Sun June - Bad Dream Jaguar
Couldn't load pickup availability
Sun June’s music often feels like a shared memory – the details so close to the edge of a song that you can touch them. And as an Austin-based project, their music has also always felt strangely and specifically Texan – unhurried, long drives across an impossible expanse of openness, refractions shimmering off the pavement in the heat.
There’s a constant push-and-pull in Sun June’s songwriting. Vocalist and band leader Colwell and guitarist Stephen Salisbury have shared songwriting duties since the band’s inception, but Bad Dream Jaguar is the first time they collaborated from afar. Salisbury left Texas for North Carolina in 2020, shifting the way the band recorded, and beginning a long-distance relationship between him and Colwell. It gave more room to Sun June’s other members – lead guitarist Michael Bain (whose lithe guitar parts Colwell credits as imparting that “dust ol’ Texas sound”), bassist Justin Harris, and drummer Sarah Schultz – to explore other projects. And for Colwell, it made it easier to explore songwriting as an individual, living and writing songs alone.

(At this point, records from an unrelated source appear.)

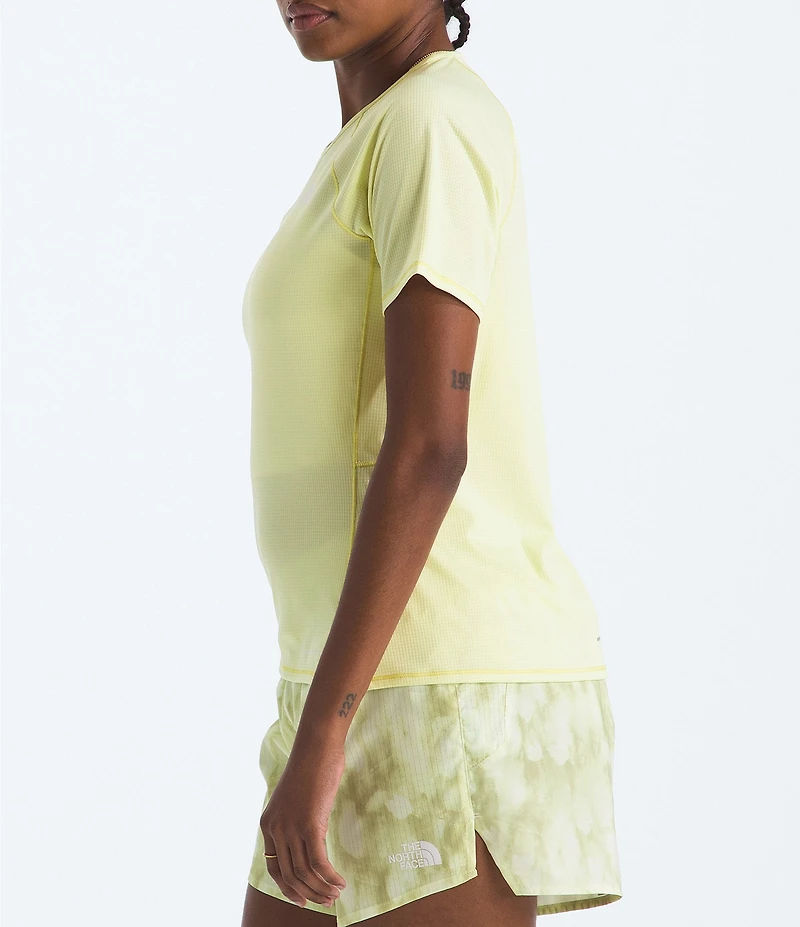 The North Face Sunriser Short Sleeve Crew Neck Solid Tee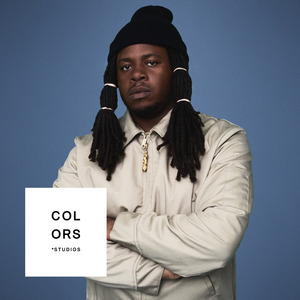 IRATE (Freestyle) - A COLORS SHOW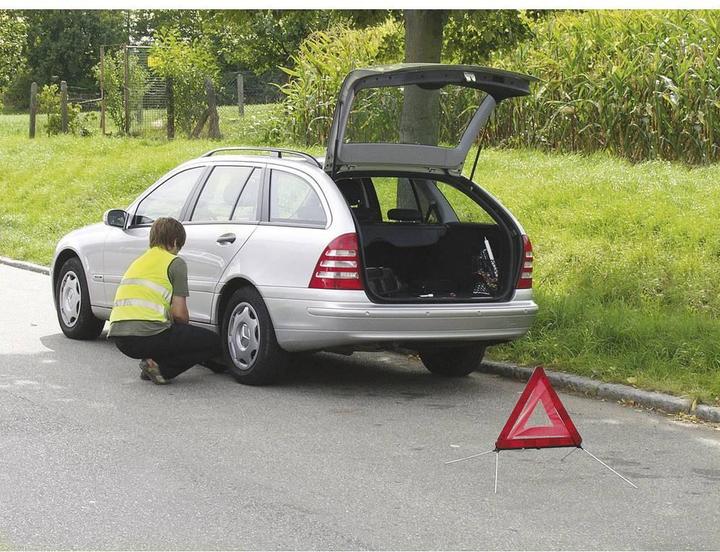 Produktbild APA Warnweste (One Size)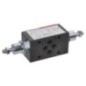 Flow control valve NG6 - KRMTO03W Flow control valve NG6 - KRMTO03W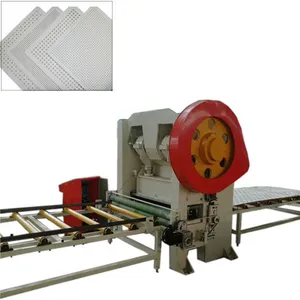 Fiber Cement Board Hole Making Machine MgO Board Eyelet Machine Plasterboard Drilling Equipment Punching Machine thumbnail-3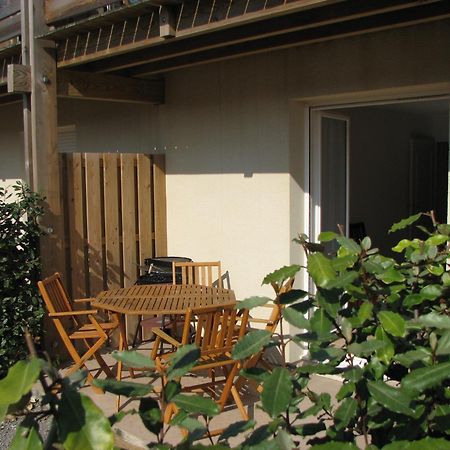 Résidence Appart Hotel Au Pitot Biscarrosse-Plage Exterior foto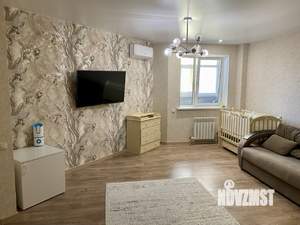 2-к квартира, вторичка, 60м2, 6/19 этаж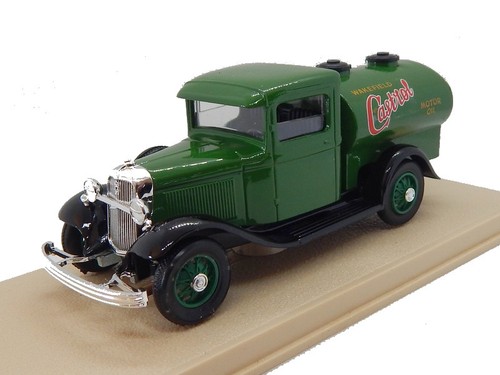 Ford 1934 citerne castrol - ford,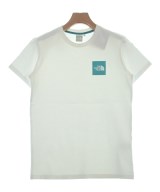 THE NORTH FACE（ザノースフェイス）Tシャツ・カットソー 白 サイズ:M レディース/2200649952038
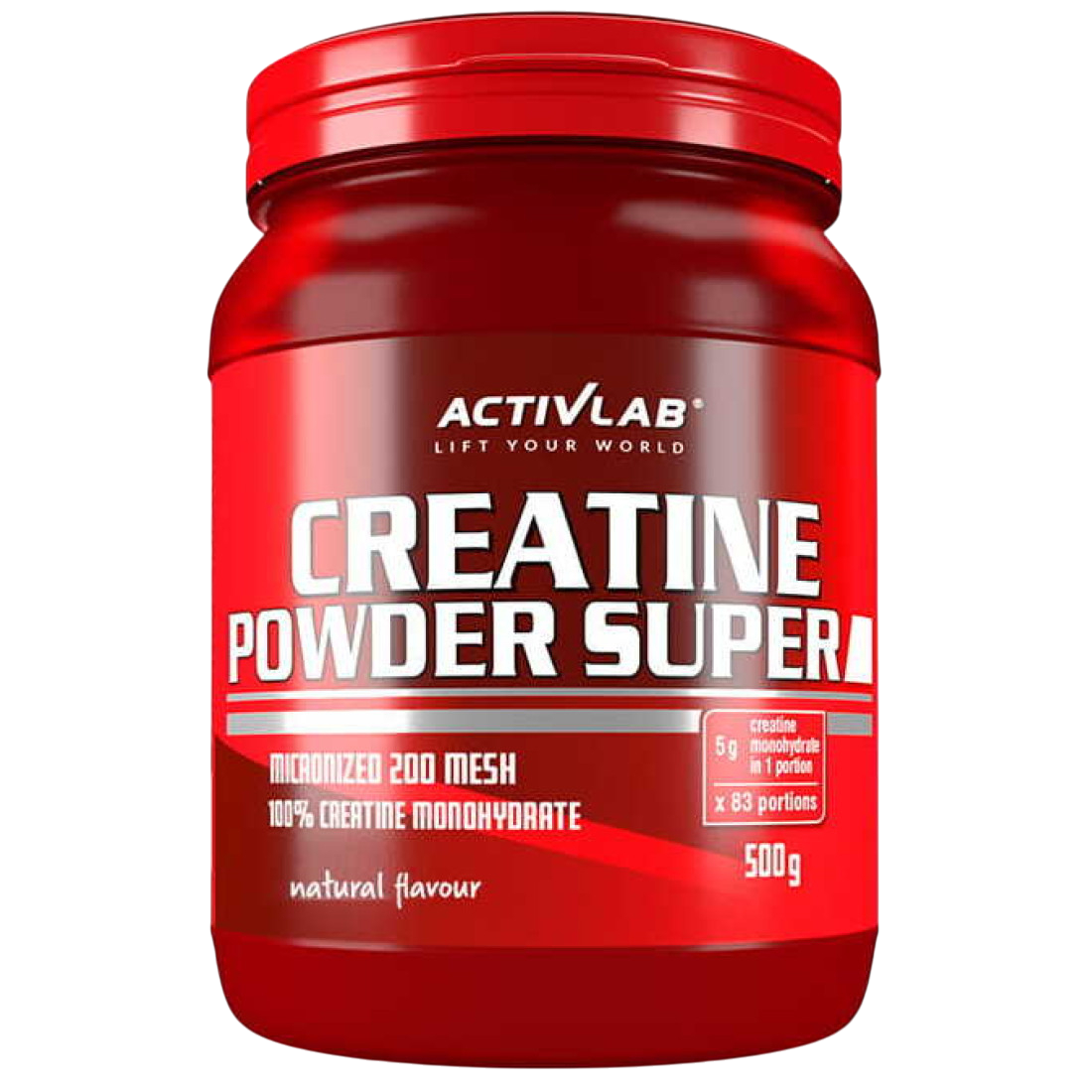 Креатин ActivLab Creatine Powder Super 500г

It also meant there was a newfound privacy to these songs, as Colwell and Salisbury wrote songs for and about one another some 1300 miles apart. The distance strained their relationship, and they poured those struggles into songs. When Salisbury sent the first iteration of “Washington Square” to Colwell, it felt like a gut punch – a, “Damn, he’s really going through it” moment. It felt heavier to be collaborating and songwriting in this way, not inhabiting the same room but instead the same lonely sadness. But it also allowed for a new type of intimacy. And it was a comfort in some ways, to be allowed into someone else’s psyche and pain. To be truly seen, even from afar.
Colwell left Texas in 2022 for North Carolina. The record was recorded in spurts, the first Sun June LP that wasn’t just born out of five musicians in a room. It took five or six sessions across a number of studios, with the bulk of it coming together at producer Duszynski’s Dandy Sounds. They also invited in more collaborators to flesh out their cinematic, spacious sound. Here, the existing line-up of Colwell, Salisbury, Bain, Harris, and Schultz, alongside guitars/vocals from new touring member Santiago Dietche, is built out with woodwinds from Alexis Marsh, Justin Morris’ pedal steel, and Duszynski’s guitars and synths. It required trust in new collaborators, and in each other, in a new process.
The bulk of the record was written after the release of 2021’s Somewhere. Bad Dream Jaguar is the most disparate yet, a collage of soundscapes, of fever dreams. It toes the line between country and pop, like putting on a cowboy hat and sitting in your bedroom alone, or getting all dressed up in glitter and just staying home.
Colwell has an ear for restraint, for editing it down and embracing emptiness; Sun June’s records have always been deceptively airy sounding in the face of melancholia, belying its densely textured foundation in a sense of ease. The layers on Bad Dream Jaguar don’t tangle they float, sheaths of divergent and luminescent sonics hanging together as the sun goes down, darkness seeping in.
Bad Dream Jaguar exists in the chasm between giving up and going all-in. And a flicker of quiet confidence powering through, a small hopeful glow at its core.